I also have to say that the Conservative Members who moved amendments were in a minority, as there is a consensus in the House on Europe. It is worrying for our democracy, however, that that consensus is so at odds with public opinion outside, which is profoundly sceptical about deepening and enlarging the European Union, and cries out for its own say in a referendum—not on a specific issue such as Croatian accession, but on basic principles such as the public voting us in to pass laws and to represent them in this place. Should we really have passed so much power and sovereignty to the European Union?

Does the hon. Gentleman agree that my hon. Friend the Member for North East Somerset (Jacob Rees-Mogg) made an excellent speech about the potential impact of the accession of Croatia? Unusually, however, there was a flaw in my hon. Friend’s argument when he compared the accession of Croatia to joining the Carlton club. The Carlton club is a fine institution for people of a certain political leaning to enjoy good company, but all the members pay into the club to join the club. It appears to me, however, that the only people willing to join the European Union are those who are paid to join it. What sort of a club is it when one has to be paid to join?

I bow to the hon. Gentleman’s greater knowledge of the Carlton club than I have or am ever likely to have in future. My guess is, though, that his analogy is accurate.

Let me finish on the detail of the Croatian accession. I think there is a fundamental problem in the Government’s arguments. I have good will and everybody should have good will towards Croatia, but it is absolutely clear that the country does not meet the criteria for entry at present. What we are being asked, then, is to believe that if we agree to the treaty now, changes will take place.

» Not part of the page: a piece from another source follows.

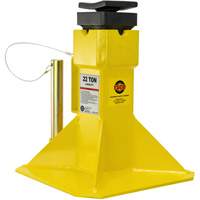 Crics avec sellette du dessus r&eacute;glable &agrave; vis, Tige verrouillable, 15-1/2" - 20-1/2" h Cam Industrial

There is some history to draw upon, and not just the mistakes that have been mentioned throughout the debate in respect of Romania and Bulgaria. Countries sometimes reform and improve, yet go backwards. Hungary is a clear example, because it is moving away from the rule of law. If it had been carrying on as it is at present it is doubtful that it would have been allowed into the European Union, so to ask the House to agree to something that does not comply with the criteria now on the basis that it will be compliant in the future is, I believe, an act of faith and optimism that is not justified.

I leave Members with this thought. We have had debates in Westminster Hall and in this Chamber about the benefits and disbenefits of the European arrest warrant. In agreeing to Croatia becoming part of the European Union, allowing a country that currently has very poor judicial standards and a very poor judiciary, albeit one that it is trying to improve, we are giving that country the power to arrest British citizens very quickly. I worry about that. It can be problematic enough in France, Germany and other EU countries when people are arrested in this country for things that are not against this country’s law, but those countries at least have well established, albeit different, judicial systems to our own. Croatia, however, does not have that, so it might well leave some of our citizens vulnerable to the European arrest warrant.

I wish Croatia well. There is clearly a huge consensus here for its joining coming the European Union, but I worry about our relationship with the EU and I also worry that Croatia, when it becomes a full member, will not have met all the criteria.

I do not need to declare my membership of the Carlton club, but I feel I should.

Question put and agreed to.

Bill accordingly read the Third time and passed.